There would now need to be 15.3 degrees difference between the water and the die.
However, you are still only getting 90W of heat transferred into the water, which if the flow rate is the same as before, will raise the temp of the water by the same amount, and for the same flow rate, the rad should still be performing the same.
I'm sure it then gets complicated because the cpu will most probably clock higher, introducing more heat into the water raising it's temperature. But you would have changed the conditions for comparison.
Now consider raising the flow rate. The rad will perform slightly more efficiently, (lower C/W ratio between water and air for rad), thus for the same heatload, the water temp should be slightly lower, but only very slightly, as the C/W ratio will not change much.
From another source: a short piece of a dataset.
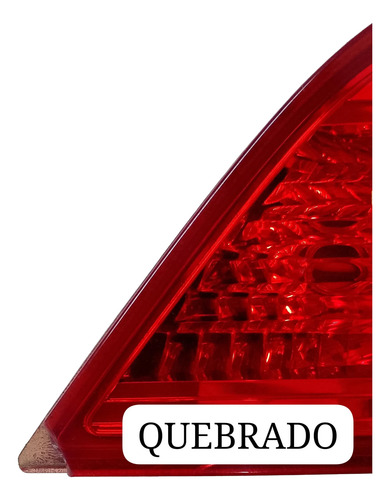 Lanterna Tampa Mala Peugeot 408 2011 2012 2013 2014 Esquerdo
The block should now also perform with a lower C/W ratio, thus decreasing the temp difference between the water and the block required to remove 90W.
It is my understanding that people often think of this the wrong way round.
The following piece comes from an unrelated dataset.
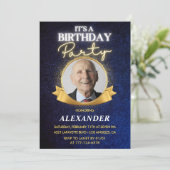 Uitnodigingen voor 95ste verjaardag van mannen Ele (Staand voorkant)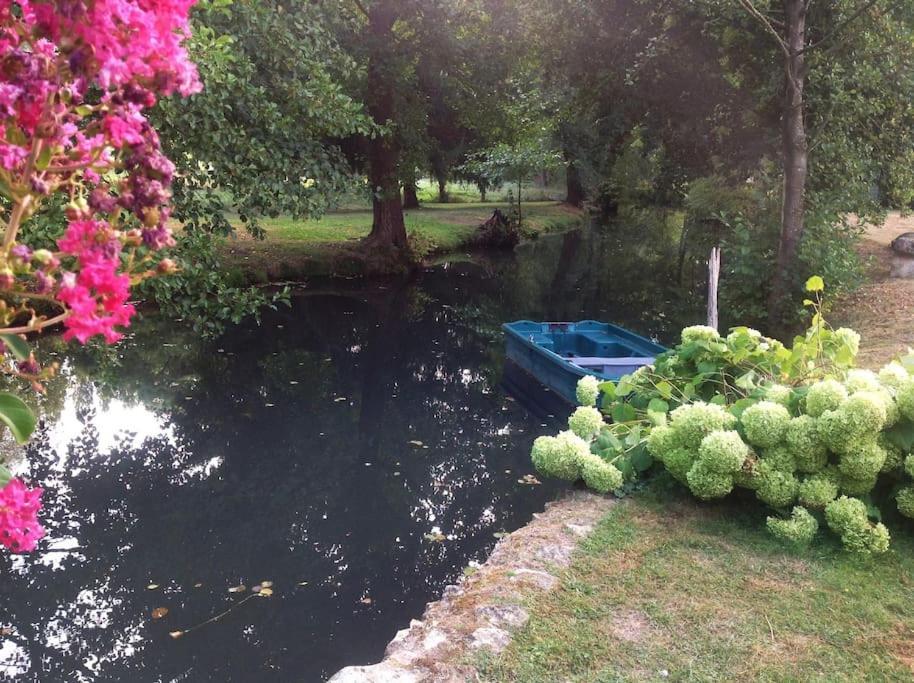 Saint-Hilaire-les-Andresis Le Foulon - Moulin De Charme - 1 Heure 30 De Parisヴィラ エクステリア 写真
If you want to transfer 90W from the cpu to the air (via water cooling), you need to consider the following stages, in this order!
(Consider a constant flow rate - constant C/W ratios in block and rad)
1. How much warmer wil the water have to be than the air blown through the rad, for 90W to be transferred.
90 x C/W for rad = dTaw
(dTaw is temp difference between air and water).
2. For the same flow rate and given C/W ratio for block, how much higher will the temp of the cpu have to be than the water in the block, for 90W of heat to be transferred to the water.
90 x C/W for block = dTwc
(dTwc is temp difference between water and cpu).
So if the ambient temperature is A, then for a given flow rate, the temp of the cpu should be A + dTaw + dTwc.
This is very approximate as it assumes no other sources of heat in the loop, and assumes that the temp of the water doesn't vary throughout the loop, which for a high flow system is not far off.
However, the general principle still stands, If you are working from a given ambient air temp with a given heatload, you need to work back fro the air to consider how much hotter each stage will have to be to allow the transfer of 90W, until you reach the cpu. Add these up and you can get a rough estimate of the expected CPU temp.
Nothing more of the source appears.